We interrupt the Animal Planet episodes to bring you breaking news: The U.S. Postal Service announced that two new stamps will commemorate both Project Mercury and the current mission to planet Mercury.
March 2011 is when NASA scheduled MESSENGER to reach Mercury. They launched the MErcury Surface, Space ENvironment, GEochemistry & Ranging craft in 2004. It is the first probe to visit Mercury since Mariner 10 in 1975, and the first intended to achieve actual orbit, in order to study the magnetic field, poles, chemical composition, geology, and exosphere of the planet closest to the Sun.
May 2011 will be the 50th anniversary of Alan B. Shepard, Jr.'s Freedom 7 mission aboard the Mercury-Redstone 3, whereby he became the second person, and the first American, to travel into space.
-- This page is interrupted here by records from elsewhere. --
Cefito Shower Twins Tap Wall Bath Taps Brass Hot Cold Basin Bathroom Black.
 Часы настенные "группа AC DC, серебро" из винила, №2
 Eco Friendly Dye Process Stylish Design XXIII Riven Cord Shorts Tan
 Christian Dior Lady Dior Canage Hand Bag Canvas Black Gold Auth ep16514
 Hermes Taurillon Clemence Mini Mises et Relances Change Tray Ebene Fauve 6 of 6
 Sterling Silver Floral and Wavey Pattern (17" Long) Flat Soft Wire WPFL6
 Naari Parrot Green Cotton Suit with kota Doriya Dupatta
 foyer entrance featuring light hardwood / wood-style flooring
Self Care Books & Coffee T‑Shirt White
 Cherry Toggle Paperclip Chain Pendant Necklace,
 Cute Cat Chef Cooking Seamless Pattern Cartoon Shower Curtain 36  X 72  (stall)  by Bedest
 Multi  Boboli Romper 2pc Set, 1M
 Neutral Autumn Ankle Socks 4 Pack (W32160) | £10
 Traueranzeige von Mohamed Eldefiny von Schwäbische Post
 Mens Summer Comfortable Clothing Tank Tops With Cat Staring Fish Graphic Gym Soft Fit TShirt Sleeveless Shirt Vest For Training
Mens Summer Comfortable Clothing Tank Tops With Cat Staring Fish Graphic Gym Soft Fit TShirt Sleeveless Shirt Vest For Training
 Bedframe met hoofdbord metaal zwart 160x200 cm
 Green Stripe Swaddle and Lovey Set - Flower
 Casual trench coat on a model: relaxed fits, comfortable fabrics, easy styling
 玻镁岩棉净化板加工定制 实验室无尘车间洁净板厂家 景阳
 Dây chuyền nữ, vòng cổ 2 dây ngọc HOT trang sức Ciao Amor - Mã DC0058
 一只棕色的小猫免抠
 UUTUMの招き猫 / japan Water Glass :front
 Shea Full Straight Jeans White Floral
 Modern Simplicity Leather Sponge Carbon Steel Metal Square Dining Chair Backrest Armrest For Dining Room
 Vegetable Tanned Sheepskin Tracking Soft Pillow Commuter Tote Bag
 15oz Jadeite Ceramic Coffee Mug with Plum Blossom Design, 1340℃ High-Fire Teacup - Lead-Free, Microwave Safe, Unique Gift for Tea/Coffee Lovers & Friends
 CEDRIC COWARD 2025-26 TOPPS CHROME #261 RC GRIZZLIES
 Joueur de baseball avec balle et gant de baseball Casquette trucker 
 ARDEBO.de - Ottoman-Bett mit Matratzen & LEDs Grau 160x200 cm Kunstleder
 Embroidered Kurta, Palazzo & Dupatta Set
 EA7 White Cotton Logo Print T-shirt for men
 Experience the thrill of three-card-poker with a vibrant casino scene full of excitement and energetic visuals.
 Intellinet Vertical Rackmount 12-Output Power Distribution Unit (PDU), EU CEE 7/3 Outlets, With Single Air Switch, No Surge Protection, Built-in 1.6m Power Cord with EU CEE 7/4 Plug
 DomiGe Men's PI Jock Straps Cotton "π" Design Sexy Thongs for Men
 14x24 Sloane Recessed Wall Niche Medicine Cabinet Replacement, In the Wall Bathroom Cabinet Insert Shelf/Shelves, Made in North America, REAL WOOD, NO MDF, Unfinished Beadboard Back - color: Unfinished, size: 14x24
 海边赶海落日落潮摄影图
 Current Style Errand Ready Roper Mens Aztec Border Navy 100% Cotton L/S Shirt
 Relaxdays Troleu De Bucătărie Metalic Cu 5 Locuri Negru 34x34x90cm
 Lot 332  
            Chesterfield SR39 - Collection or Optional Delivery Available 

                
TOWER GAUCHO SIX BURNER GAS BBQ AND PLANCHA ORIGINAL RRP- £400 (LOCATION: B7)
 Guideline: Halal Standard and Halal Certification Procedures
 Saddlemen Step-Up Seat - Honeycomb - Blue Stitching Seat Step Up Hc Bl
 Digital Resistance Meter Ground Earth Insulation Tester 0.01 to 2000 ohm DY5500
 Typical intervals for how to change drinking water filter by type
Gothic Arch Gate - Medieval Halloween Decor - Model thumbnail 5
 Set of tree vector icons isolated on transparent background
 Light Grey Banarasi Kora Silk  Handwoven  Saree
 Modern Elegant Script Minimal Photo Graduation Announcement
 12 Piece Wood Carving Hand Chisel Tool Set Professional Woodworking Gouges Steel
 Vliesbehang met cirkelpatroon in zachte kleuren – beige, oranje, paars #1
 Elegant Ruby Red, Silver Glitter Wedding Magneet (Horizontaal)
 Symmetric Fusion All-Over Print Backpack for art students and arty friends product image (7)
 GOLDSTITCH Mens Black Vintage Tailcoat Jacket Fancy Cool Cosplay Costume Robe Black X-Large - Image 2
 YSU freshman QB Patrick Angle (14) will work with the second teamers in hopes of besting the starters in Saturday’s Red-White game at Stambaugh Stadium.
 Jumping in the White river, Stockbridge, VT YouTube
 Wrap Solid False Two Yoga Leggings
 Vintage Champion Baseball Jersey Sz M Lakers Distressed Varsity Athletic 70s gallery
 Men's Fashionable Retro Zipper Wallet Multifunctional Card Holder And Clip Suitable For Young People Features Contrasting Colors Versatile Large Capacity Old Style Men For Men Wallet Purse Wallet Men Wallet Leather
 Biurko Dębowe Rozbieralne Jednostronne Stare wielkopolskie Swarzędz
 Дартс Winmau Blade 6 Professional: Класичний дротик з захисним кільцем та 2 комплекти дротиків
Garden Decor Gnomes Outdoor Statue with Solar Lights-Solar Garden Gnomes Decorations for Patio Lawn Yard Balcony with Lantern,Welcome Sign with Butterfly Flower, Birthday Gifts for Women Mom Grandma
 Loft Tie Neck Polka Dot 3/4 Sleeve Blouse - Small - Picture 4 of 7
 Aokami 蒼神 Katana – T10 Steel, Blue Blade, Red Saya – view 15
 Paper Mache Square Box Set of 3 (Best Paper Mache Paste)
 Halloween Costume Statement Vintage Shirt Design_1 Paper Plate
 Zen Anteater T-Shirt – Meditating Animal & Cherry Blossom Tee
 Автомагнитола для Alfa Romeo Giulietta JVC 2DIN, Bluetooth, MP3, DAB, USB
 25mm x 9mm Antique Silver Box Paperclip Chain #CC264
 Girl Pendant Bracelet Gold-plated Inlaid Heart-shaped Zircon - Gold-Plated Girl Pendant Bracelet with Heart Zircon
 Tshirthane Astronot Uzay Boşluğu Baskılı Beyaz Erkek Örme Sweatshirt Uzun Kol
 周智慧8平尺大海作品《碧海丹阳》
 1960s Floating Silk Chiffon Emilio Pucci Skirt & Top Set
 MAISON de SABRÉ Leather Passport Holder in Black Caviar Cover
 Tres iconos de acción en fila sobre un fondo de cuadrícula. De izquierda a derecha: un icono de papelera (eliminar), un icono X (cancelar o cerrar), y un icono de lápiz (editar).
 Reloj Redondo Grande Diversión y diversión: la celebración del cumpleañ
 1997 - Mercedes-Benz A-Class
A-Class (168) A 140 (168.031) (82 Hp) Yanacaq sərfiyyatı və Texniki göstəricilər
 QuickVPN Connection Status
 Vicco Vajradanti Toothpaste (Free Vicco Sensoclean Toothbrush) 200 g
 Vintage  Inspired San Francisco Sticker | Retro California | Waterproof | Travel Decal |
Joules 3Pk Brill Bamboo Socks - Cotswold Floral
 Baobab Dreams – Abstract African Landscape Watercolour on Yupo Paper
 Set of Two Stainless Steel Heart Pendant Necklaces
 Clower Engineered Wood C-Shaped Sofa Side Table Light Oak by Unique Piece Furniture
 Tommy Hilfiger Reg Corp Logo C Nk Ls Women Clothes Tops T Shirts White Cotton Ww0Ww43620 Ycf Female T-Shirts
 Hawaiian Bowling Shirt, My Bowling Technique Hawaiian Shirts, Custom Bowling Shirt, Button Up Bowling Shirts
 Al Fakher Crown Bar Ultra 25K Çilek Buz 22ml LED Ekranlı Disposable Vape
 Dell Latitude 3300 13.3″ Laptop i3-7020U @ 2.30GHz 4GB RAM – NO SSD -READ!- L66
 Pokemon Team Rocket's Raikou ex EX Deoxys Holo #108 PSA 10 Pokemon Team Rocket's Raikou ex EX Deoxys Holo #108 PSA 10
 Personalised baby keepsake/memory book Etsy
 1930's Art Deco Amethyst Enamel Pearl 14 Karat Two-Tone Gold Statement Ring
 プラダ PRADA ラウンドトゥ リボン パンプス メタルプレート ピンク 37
Titled First Spacecraft to Orbit Mercury and Alan Shepard: First American in Space, the stamps will be designed by former Air & Space magazine art director Phil Jordan and sci-fi artist Donato Giancola, then sold as a "se-tenant" (i.e. - an attached pair). These and 67 other stamps are planned for 2011.
In addition to flying the 1961 sub-orbital mission, Alan Shepard was also the fifth man to walk on the Moon, and will be the first American astronaut to be honored on a U.S. stamp. (Selection criteria requires an individual be deceased 5 years, and events of historical significance are limited to milestones in multiples of 50 years. Shepard died of leukemia in July of 1998, and although not the first to pass away, his is the first manned mission to reach the half-century mark. )
My votes :)
Previous stamps have depicted the Mercury capsule (designed and printed in complete secrecy, just in case the program failed!), the first American spacewalk, first lunar landing, and a shuttle – but without actually naming any astronauts.
The National Postal Museum's "Stamps Take Flight" exhibit highlights the history of flight-related stamps, ranging from the first airmail delivery 150 years ago to lunar postmarks – such as the Apollo 15 Mail Pouch, postmarked on the Moon's surface with both ink (deliberately) and regolith (a little less deliberately)!